▶ _What you have to do_
Leaving out pictures, output exactly the lines below from the one that has "Results, raw data, and" through the one that has "The servos hook", and nothing else.

==== Provided data ====

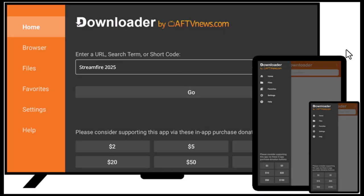Now you can find StreamFire in your Apps section. Move it to your home screen for quick access. Open StreamFire and log in or browse directly.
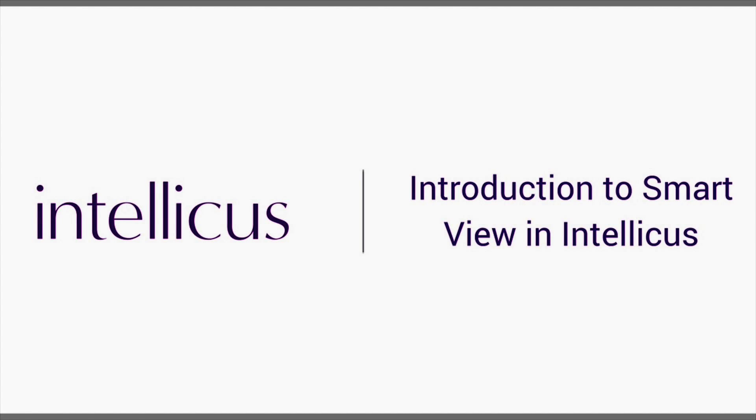Hello and welcome to Intellicus videos. In this video, we will give you a quick overview of Smart View reports in Intellicus.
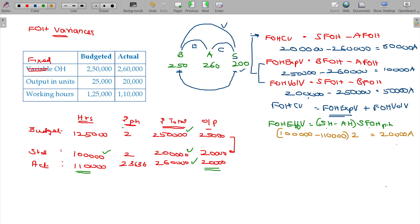I am introducing one more variance here, which is called Fixed Overhead Capacity Variance.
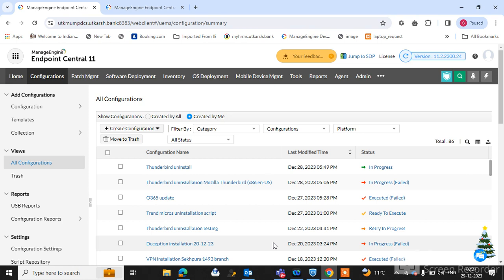In the series of ManageEngine Endpoint Central tutorials, today's topic is how to uninstall a specific software from multiple endpoint end user machines which are located in remote locations.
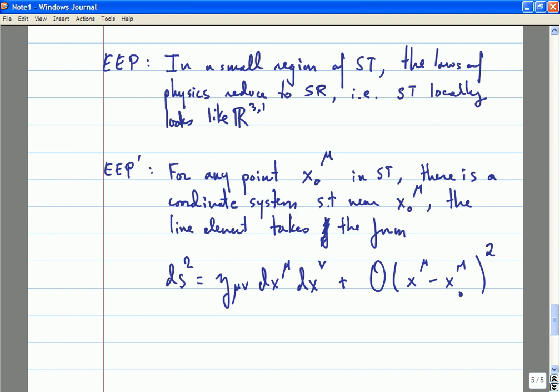There were three formulations of the equivalence principle — I was counting the Einstein equivalence principle twice, which is why I put a prime on one of them. People also sometimes talk about the strong equivalence principle, which is essentially what they mean by the Einstein equivalence principle. Sometimes people use different names; in my mind, that's just semantics. But these are all different formulations of the same idea.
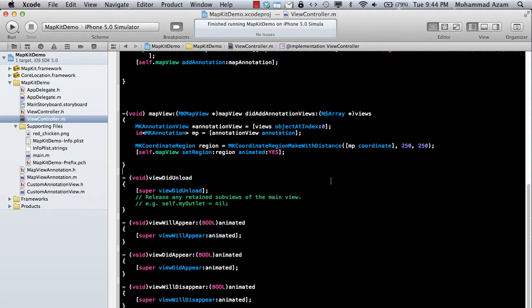Hi and welcome to the Azam Shop channel. I'm your host Muhammad Azam with another great screencast. In the last screencast, which I think is part number 24, we covered how you can create your custom annotations and then display them on the map.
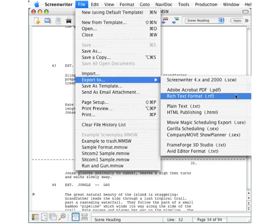Rich text format with that RTF extension is what you need to use if you want the recipient to open and be able to edit your script in another word processor such as Microsoft Word or Final Draft.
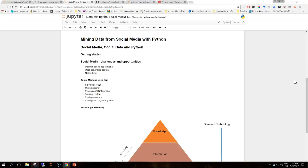Hi guys, welcome to another video in this tutorial series on mining data from social media with Python. This section is about social media, social data, and Python. These video tutorials are about applying data mining techniques to social media using Python. The three keywords — data mining, social media, and Python — help us define the intended audience: any developer, engineer, analyst, researcher, or student interested in exploring the area where these three topics meet.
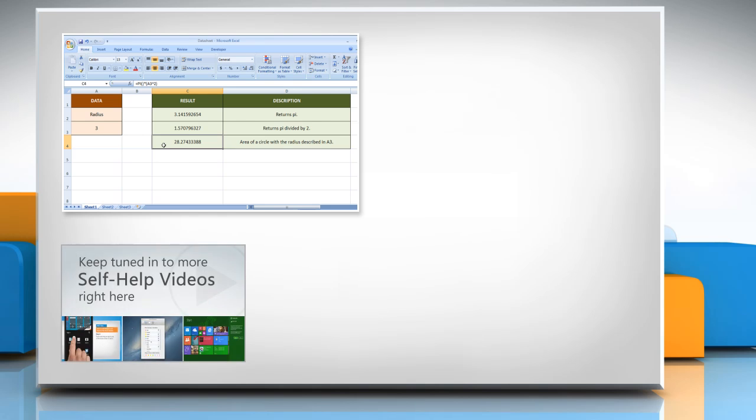Check out our iYogi channel for self-help videos on Windows, Mac, Smartphones, Security, Social Media, and much more.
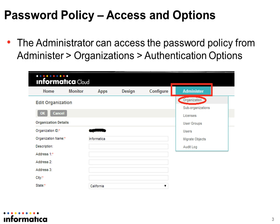To access Informatica's password policy, you will have to be logged on as an administrator first, then go to Administer and click on Organizations, and you will be able to access the authentication options under which the password policy options are available to you.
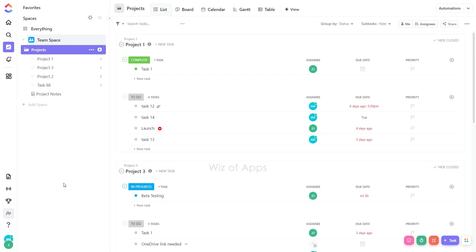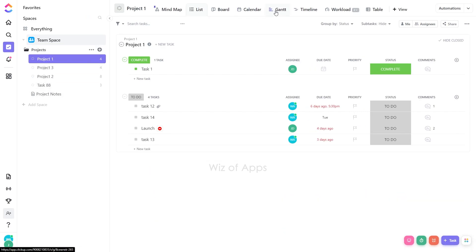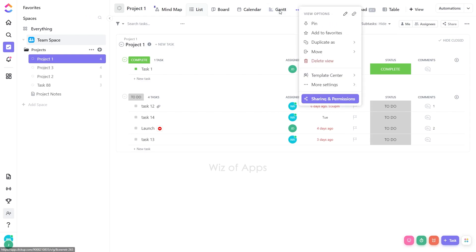To delete a view, simply navigate to the desired level. Locate the view you wish to delete. Right-click on the view name and click Delete View.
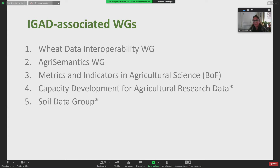We have working groups within IGAD. Some have already achieved their recommendations, such as the WID data interoperability group — addressing how to exchange data related to WID in a more efficient and coherent way. The same applies to agrisemantics: what vocabularies can be used to make data meaningful across information systems and stakeholders within and outside your country. There are also groups on metrics and indicators for agricultural science, capacity development for agricultural research data, and soil data interoperability.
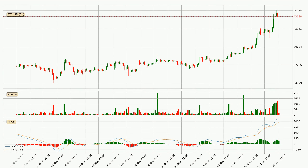In general, the larger timeframes have a greater impact on the price, so please remember that when we display different timeframes with different indicators. Also, the shorter timeframes are only representative for short-term trading.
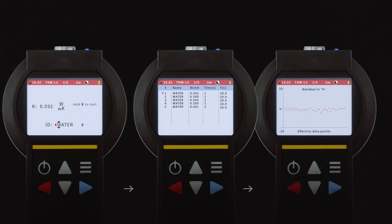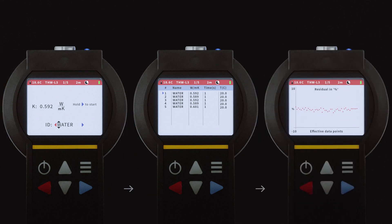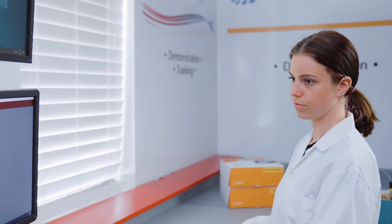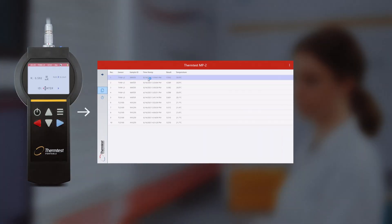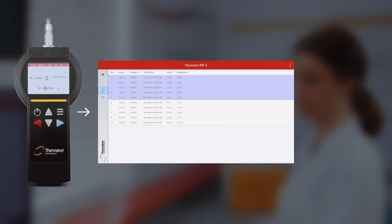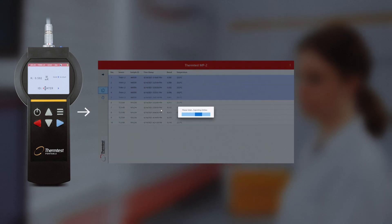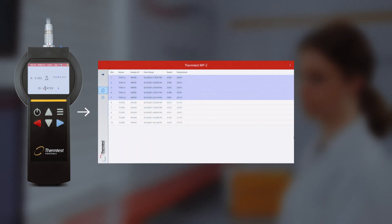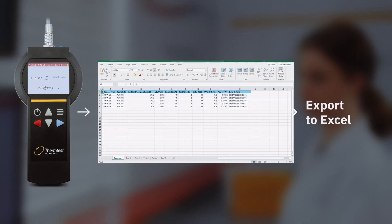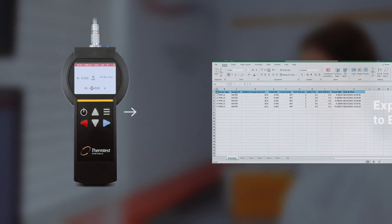Results, raw data, and residuals may be reviewed on the MP2 or transferred to a computer. The Windows utility program allows convenient transfer and review of testing results. Advanced features include the ability to review, save, delete, and export results to Excel.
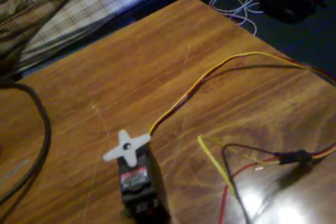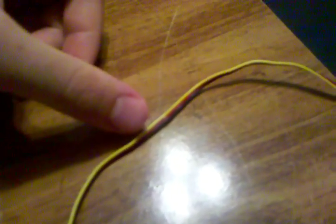The servos hook up pretty easily. They're just three wires. The red and the black are obviously power and ground, and then the yellow is the data, and that just reads into a digital pin.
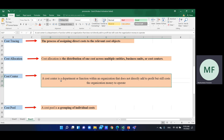The cost center is a department or a function within an organization that does not directly add to profit but still costs the organization money to operate. The cost center means that the organization needs to be a function within an organization.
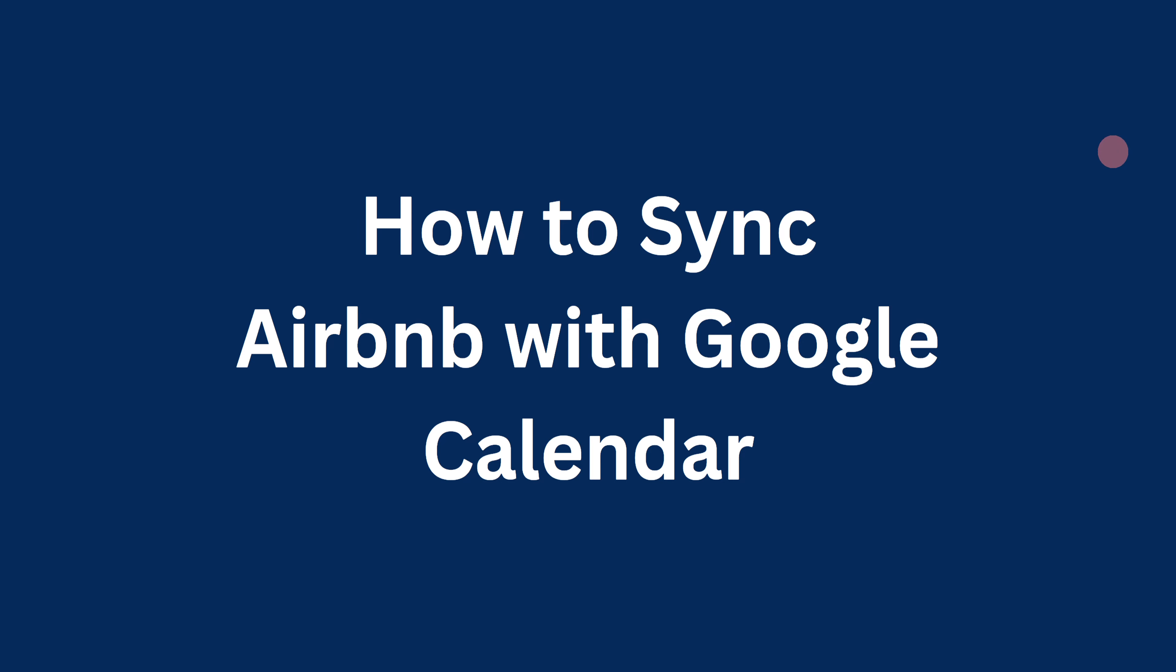Welcome to No Nonsense Airbnb. In this video, I will show you how you can sync your Airbnb calendar with your Google Calendar. It is a two-step process.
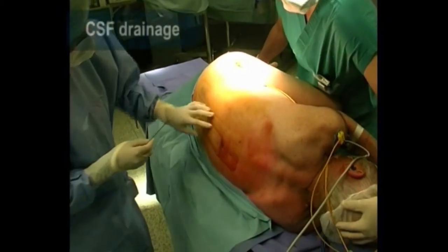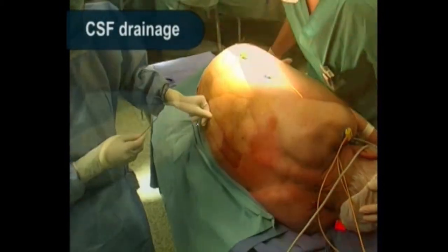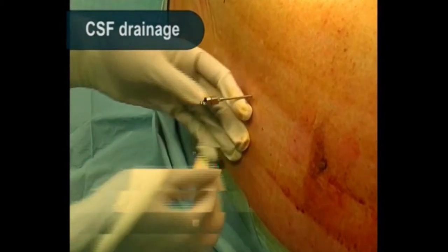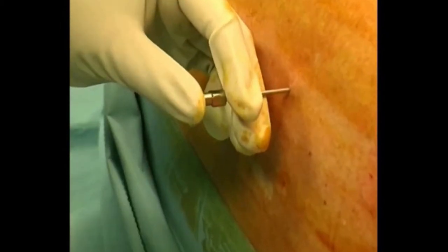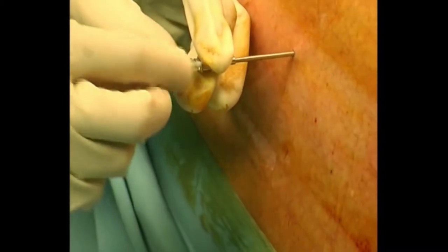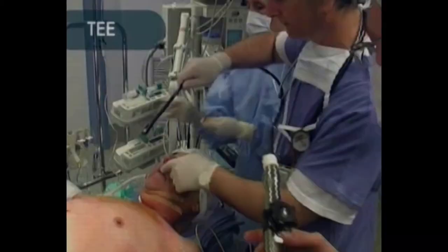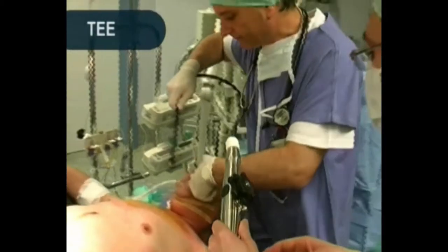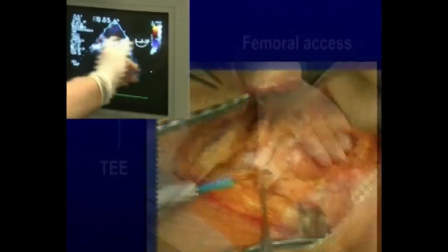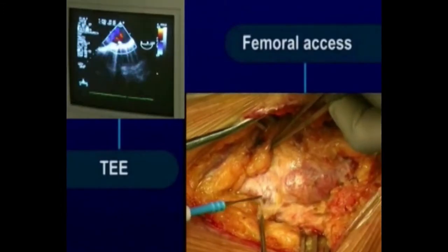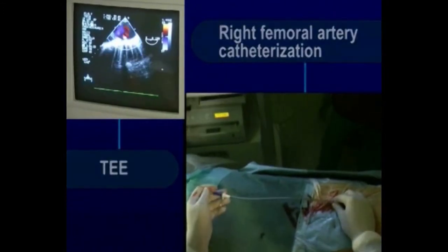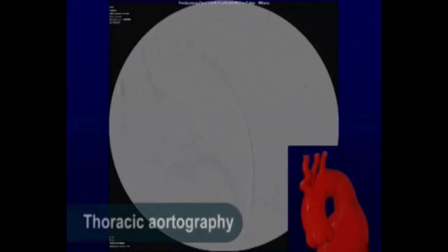The spinal cord drainage was inserted preoperatively and the patient intubated. The intraoperative use of TEE proves a useful adjunct to monitor cardiac status during the procedure and confirm adequate exclusion of the aneurysm in the thoracic tract.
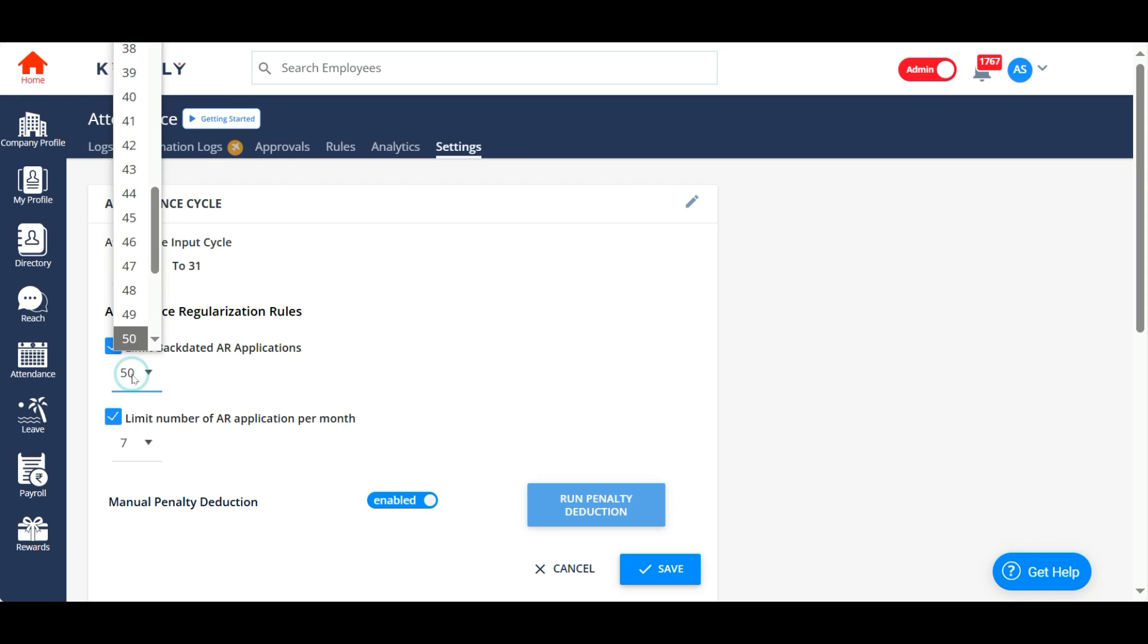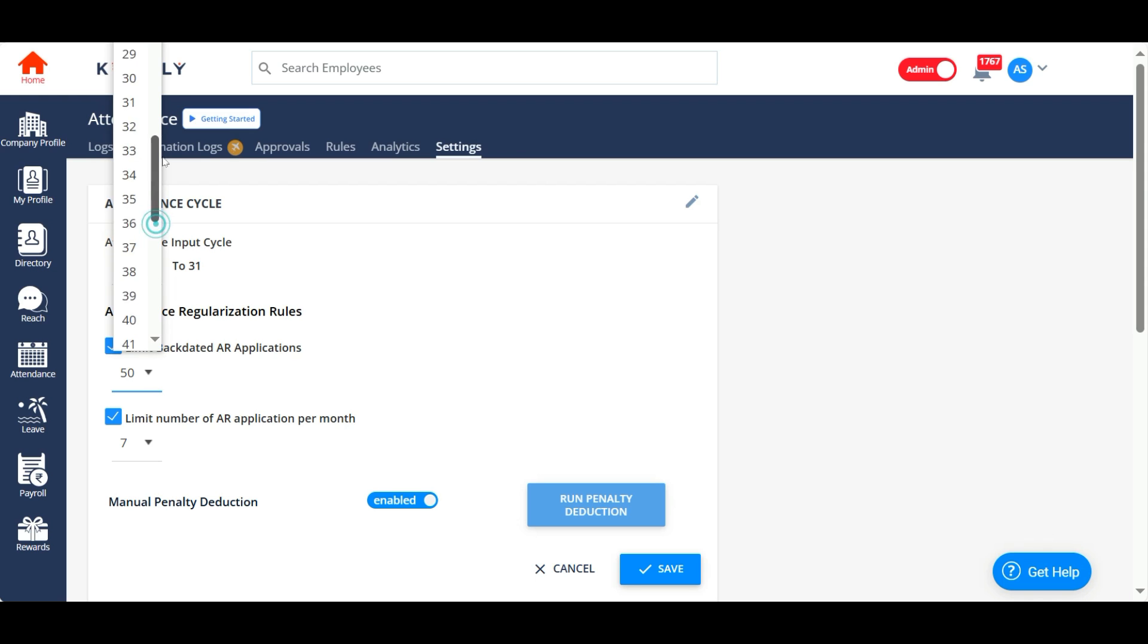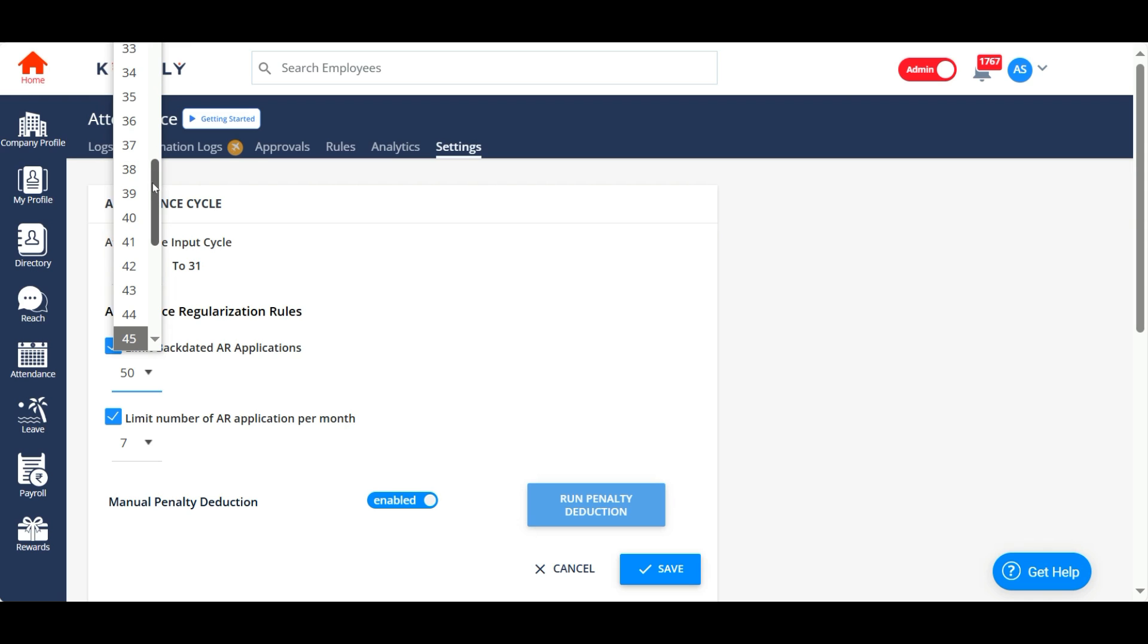How many days can your employees go back in time to apply for regularization? For example, if they have taken a leave on the 5th of September, can they regularize that leave on the 13th or 14th of September? If yes, you can enable this and put in how many days your employees can go back.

====

▶ _Written response_
Results, raw data, and residuals may be reviewed on the MP2 or transferred to a computer. The Windows utility program allows convenient transfer and review of testing results. Advanced features include the ability to review, save, delete, and export results to Excel.
The servos hook up pretty easily. They're just three wires. The red and the black are obviously power and ground, and then the yellow is the data, and that just reads into a digital pin.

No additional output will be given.